I have a dataset with a few numierical and a few categorical features. After calling fit on the XGBRegressor, I want to check the feature importance. Fo this, I want to map the feature importance scores to the feature names the regressor is used in a scikit learn pipeline.
categorical_encoder = Pipeline(
steps=[("encoder", OneHotEncoder(handle_unknown="ignore"))]
)
encoder = ColumnTransformer(
transformers=[
("categories", categorical_encoder, ["cat_feature1", "cat_feature2", "cat_feature3"])
],
remainder="passthrough"
)
pipeline = Pipeline([
("encoder", encoder),
("regressor", XGBRegressor())
])
pipeline['regressor'].get_booster().get_fscore()
returns a dictionary with feature names f0
, f2
, f7
, ...
pipeline['encoder'].named_transformers_['categories']['encoder'].get_feature_names_out()
returns the feature names of the one hot encoded categorical variables.

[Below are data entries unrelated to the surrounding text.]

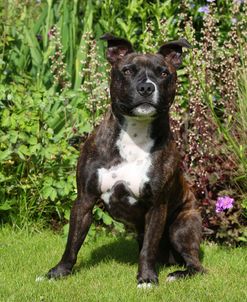 CQ2R5747 Terrier – Staffordshire Bull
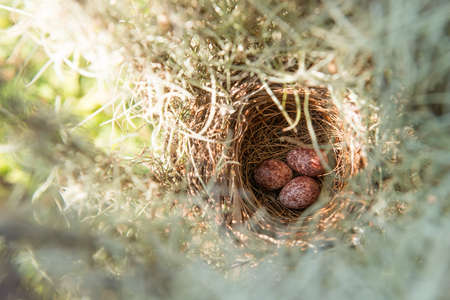 Red eggs in nest at morning lightの写真素材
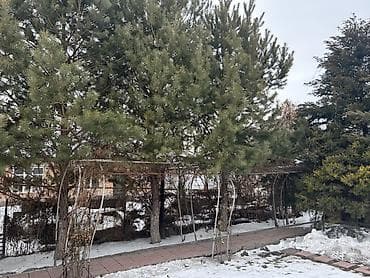 Ашкана буюмдары: Көчөттөр дарактардын: Кызыл карагайлар — 3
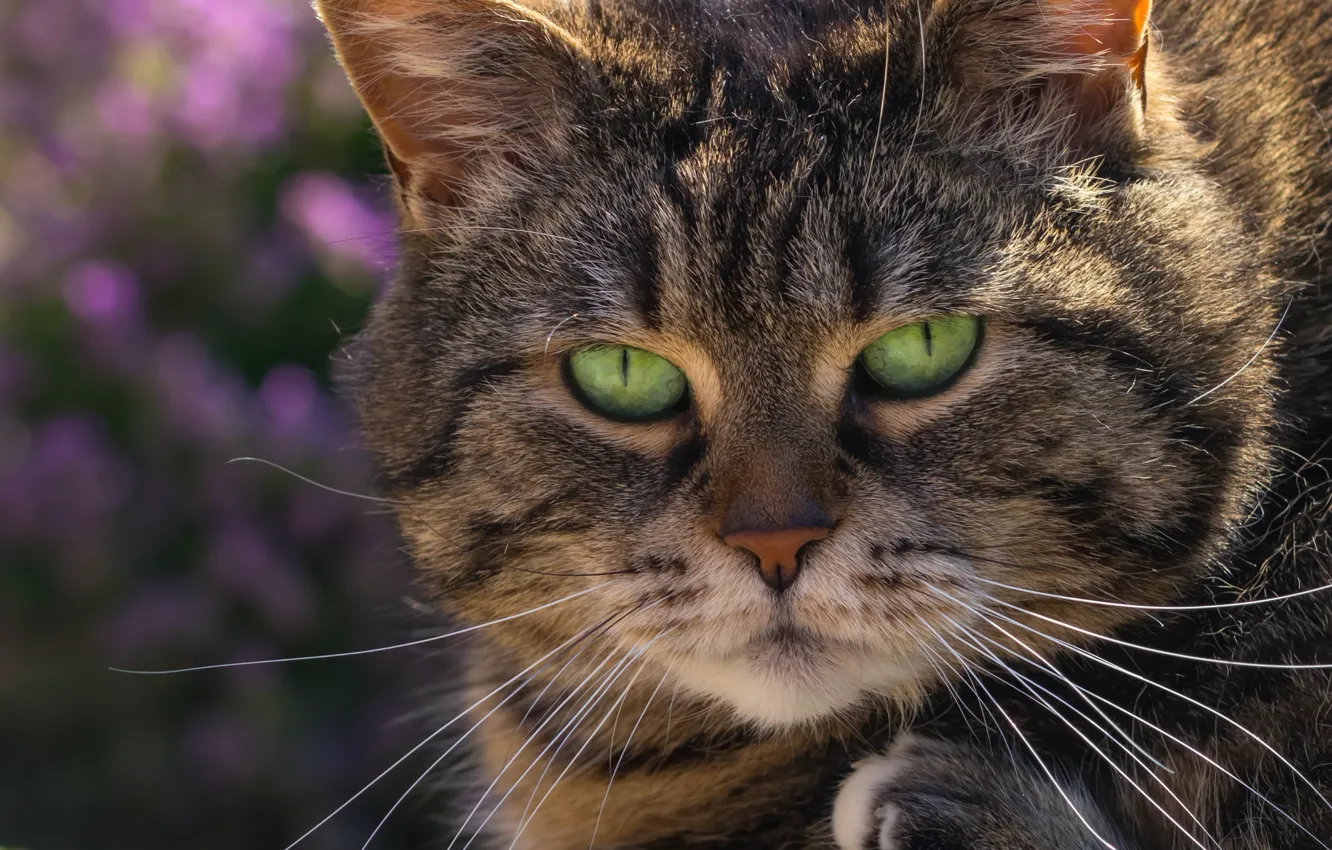 Photo wallpaper cat, look, muzzle, green eyes, kotofey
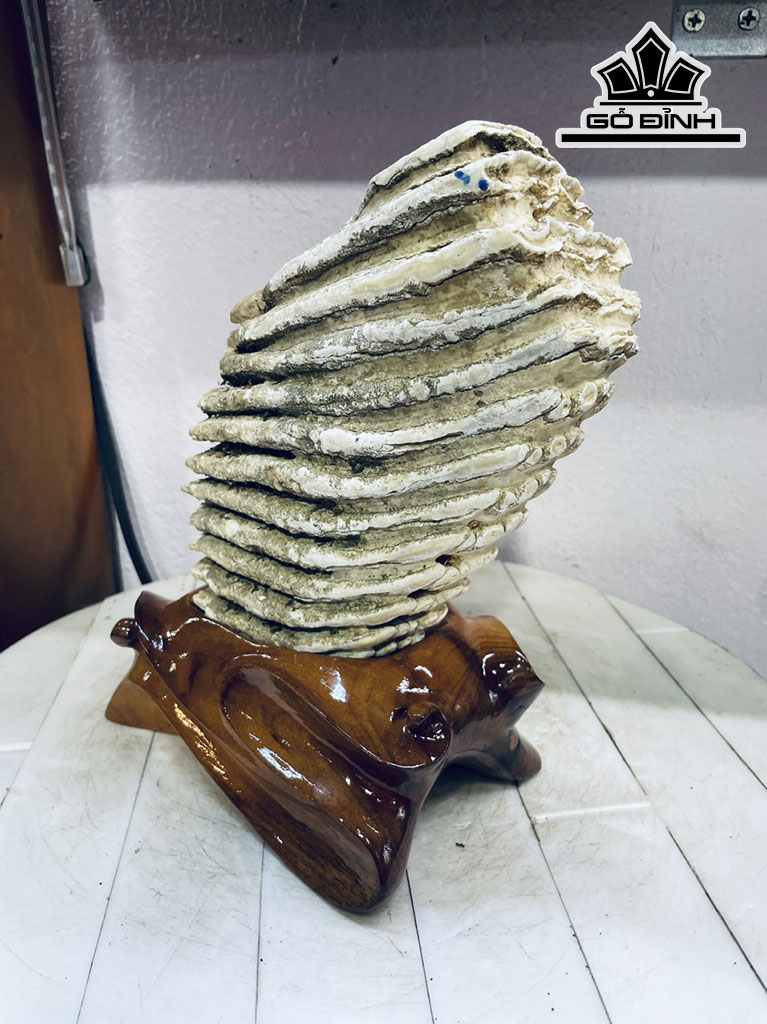 Tác Phẩm Răng Voi Gỗ Hóa Thạch Cao 25 Ngang 16 (cm) 3,3kg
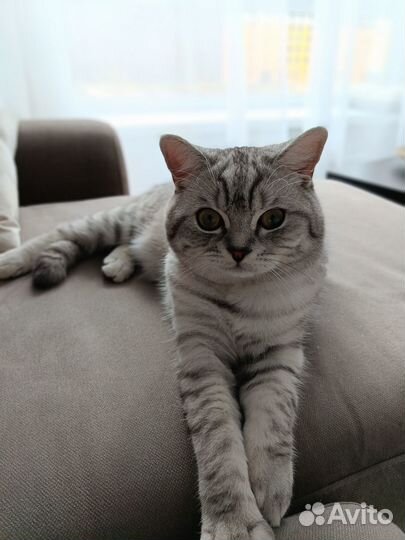 Вязка кота британец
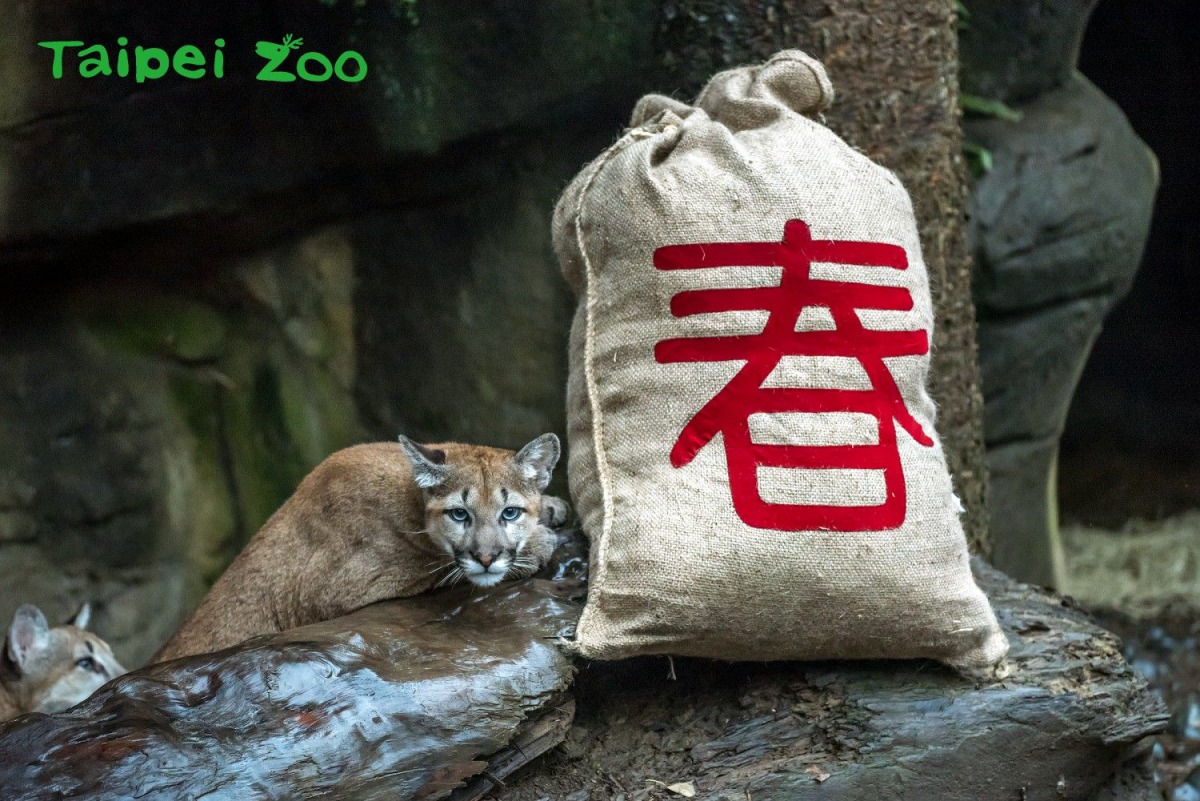 台北市立動物園過年期間只有除夕一天為休園日。 台北市立動物園/提供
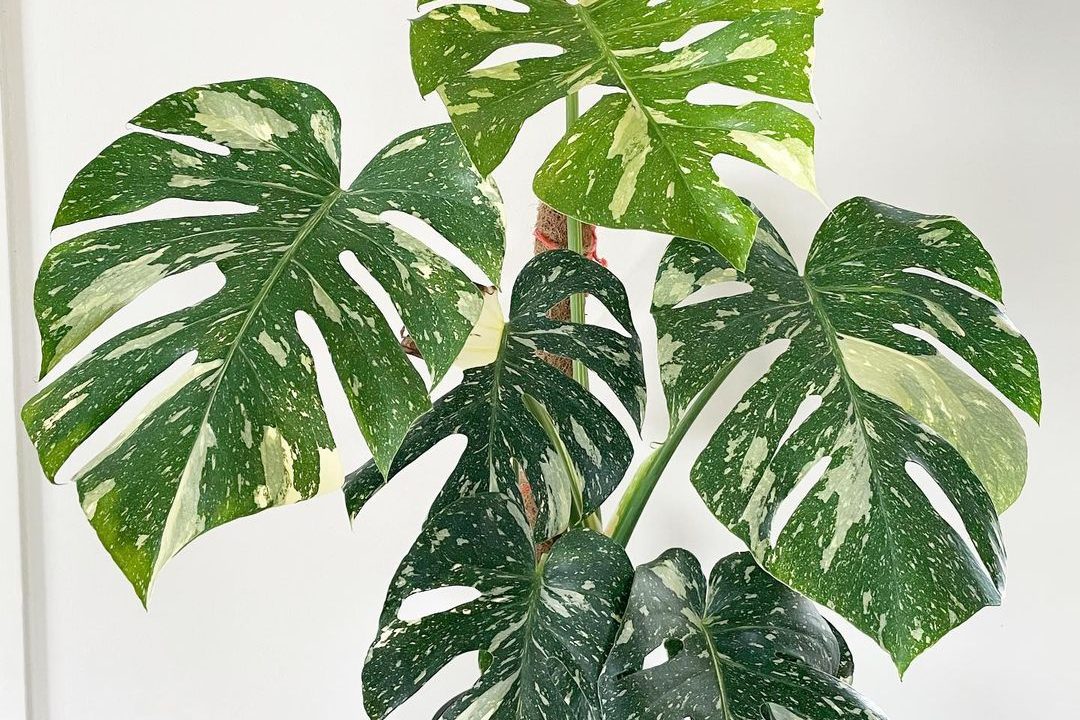 Bật mí top 4 cây trầu bà lá xẻ đột biến phổ biến nhất 4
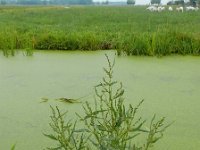 Rumex hydrolapathum 17, Waterzuring, Saxifraga-Ed Stikvoort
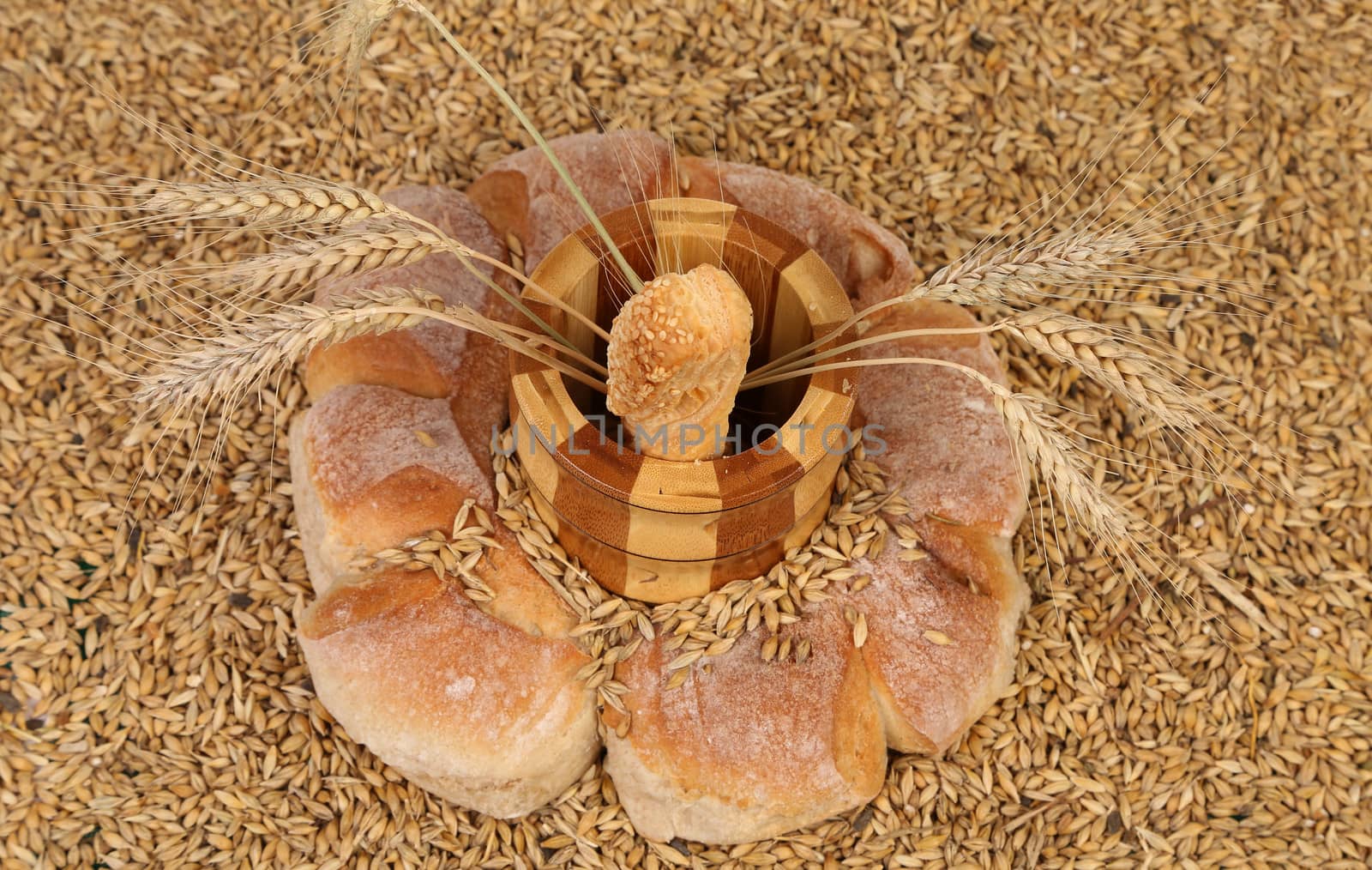 Bread composition on wheat grain. Close up.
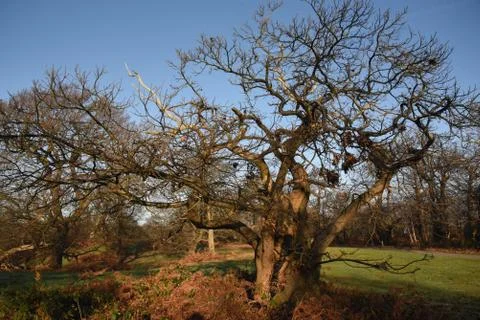 Autumn Tree Stock Photos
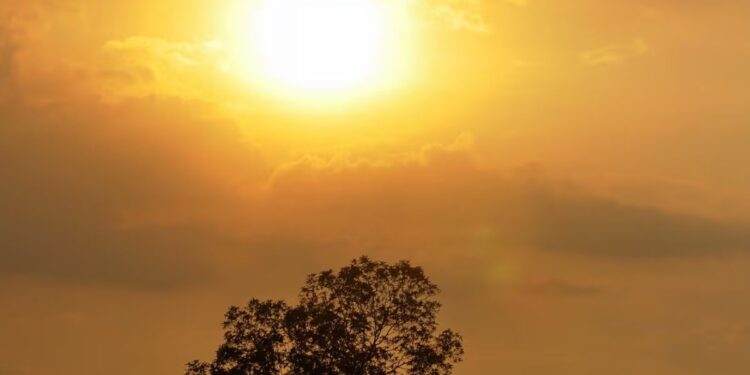 Tiempo seco y cielos despejados con altos niveles de radiación solar en el departamento de La Guajira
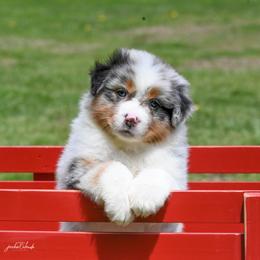 Boy 2 - Blue merle male Australian Shepherd puppy in Rochester, Massachusetts from Clover Creek Aussies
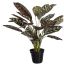 PEACOCK PLANT IN POT 60CM GREEN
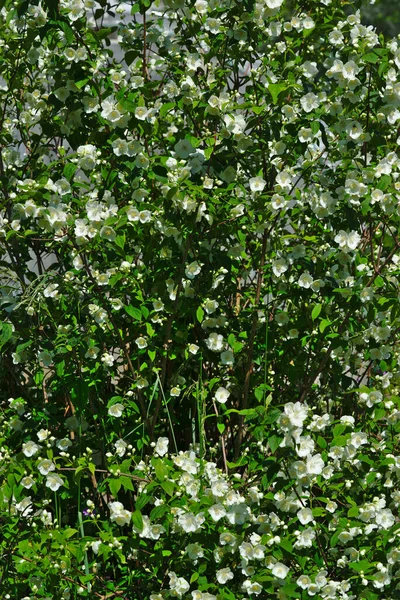 Bosque Seringat Jasmim Poetas Filadélfico Com Flores Brancas — Fotografia de Stock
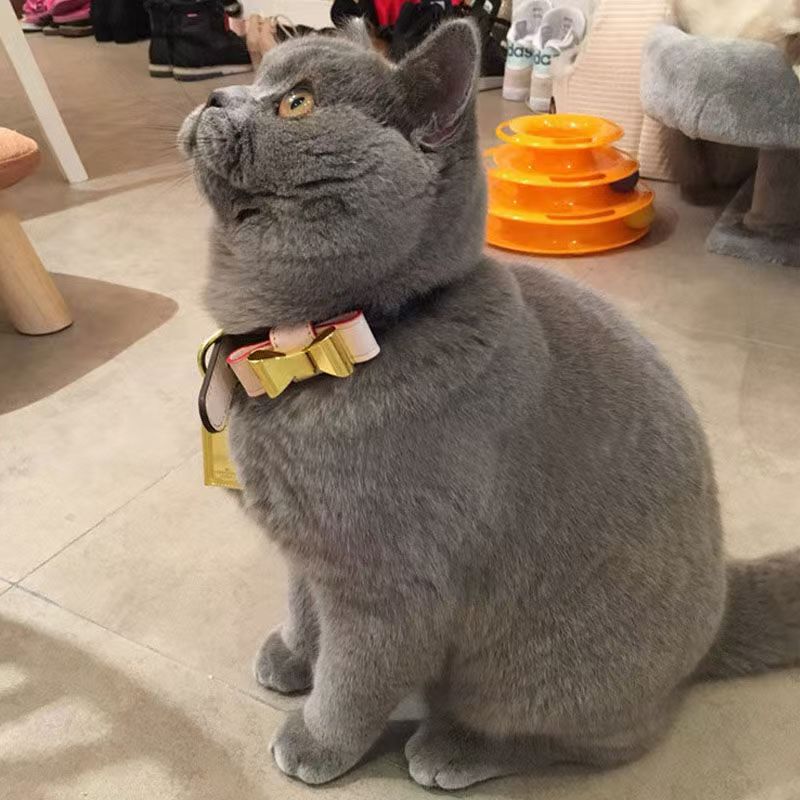 Fashionable elegant leather bow pet collar suitable for Teddy dogs, teacup dogs and cats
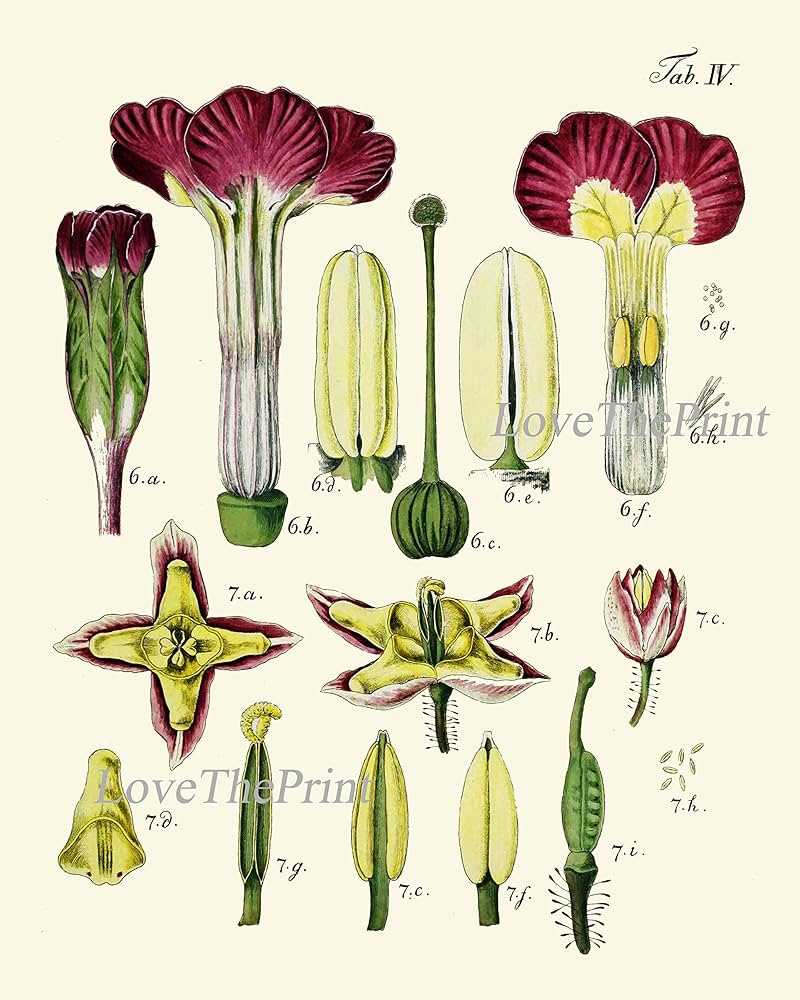 BOTANICAL ART 【import品】 BOTANICAL ART 【import品】 ZX Vintage Botanical Scrapbook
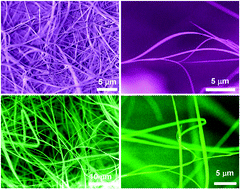 Graphical abstract: A general approach to functional metal oxide nanobelts: thermal decomposition of precursors and interface diffusion growth mechanism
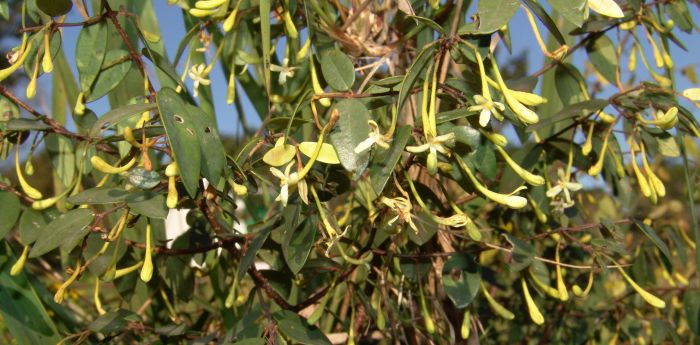 Synaptolepis oliveriana in flower. Photo Geoff Nichols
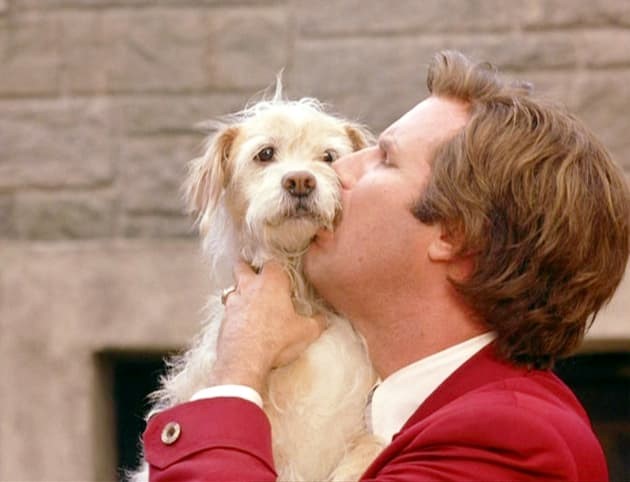 ron-burgundy-of-anchorman-fame-to-his-best-friend-baxter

Can I somehow get the full feature list whcih has been created in the pipeline and map it to the feature importance scores? I could not really figure it out by myself.
All the composition objects (Pipeline
and ColumnTransformer
) support get_feature_names_out
too, so
pipeline['encoder'].get_feature_names_out()`
should work fine. More generally, when you have a pipeline whose last step is a model, slicing works well:
pipeline[:-1].get_feature_names_out()